As BBC News reports, TRAFFIC analyzed 456 wildlife seizure records—recorded between 2010 and June 2017—to trace illegal rhino horn trade routes and identify smuggling methods. In a report, the organization noted that criminals have disguised rhino horns in the past using all kinds of creative methods, including covering the parts with aluminum foil, coating them in wax, or smearing them with toothpaste or shampoo to mask the scent of decay. But as recent seizures in South Africa suggest, Chinese trafficking networks within the nation are now concealing the coveted product by shaping horns into beads, disks, bangles, necklaces, and other objects, like bowls and cups. The protrusions are also ground into powder and stored in bags along with horn bits and shavings.

"It's very worrying," Julian Rademeyer, a project leader with TRAFFIC, told BBC News. "Because if someone's walking through the airport wearing a necklace made of rhino horn, who is going to stop them? Police are looking for a piece of horn and whole horns."

Rhino horn is a hot commodity in Asia. The keratin parts have traditionally been ground up and used to make medicines for illnesses like rheumatism or cancer, although there's no scientific evidence that these treatments work. And in recent years, horn objects have become status symbols among wealthy men in countries like Vietnam.

"A large number of people prefer the powder, but there are those who use it for lucky charms,” Melville Saayman, a professor at South Africa's North-West University who studies the rhino horn trade, told ABC News. “So they would like a piece of the horn."

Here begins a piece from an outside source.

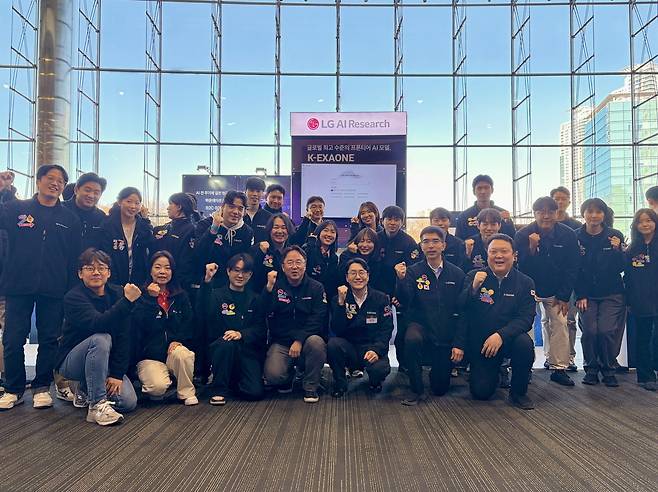 30일 서울 강남구 코엑스에서 열린 과학기술정보통신부 주관 독자 AI 파운데이션 모델 1차 발표회에 참가한 K-엑사원 컨소시엄. [LG 제공]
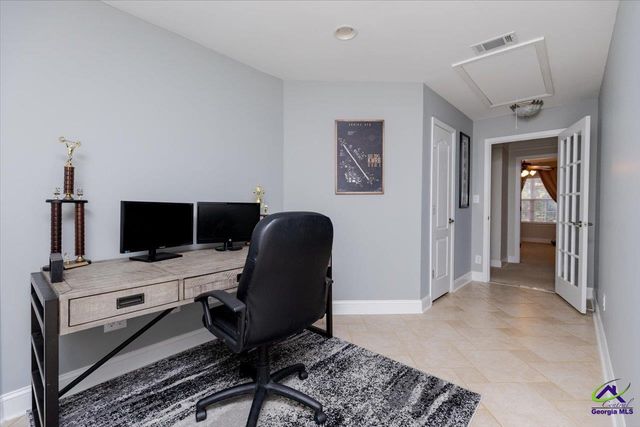 200 River Oak Court, Kathleen, GA 31047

According to TRAFFIC, at least 1249 rhino horns—together weighing more than five tons—were seized globally between 2010 and June 2017. The majority of these rhino horn shipments originated in southern Africa, with the greatest demand coming from Vietnam and China. The product is mostly smuggled by air, but routes change and shift depending on border controls and law enforcement resources.

Conservationists warn that this booming illegal trade has led to a precipitous decline in Africa's rhinoceros population: At least 7100 of the nation's rhinos have been killed over the past decade, according to one estimate, and only around 25,000 remain today. Meanwhile, Save the Rhino International, a UK-based conservation charity, told BBC News that if current poaching trends continue, rhinos could go extinct in the wild within the next 10 years.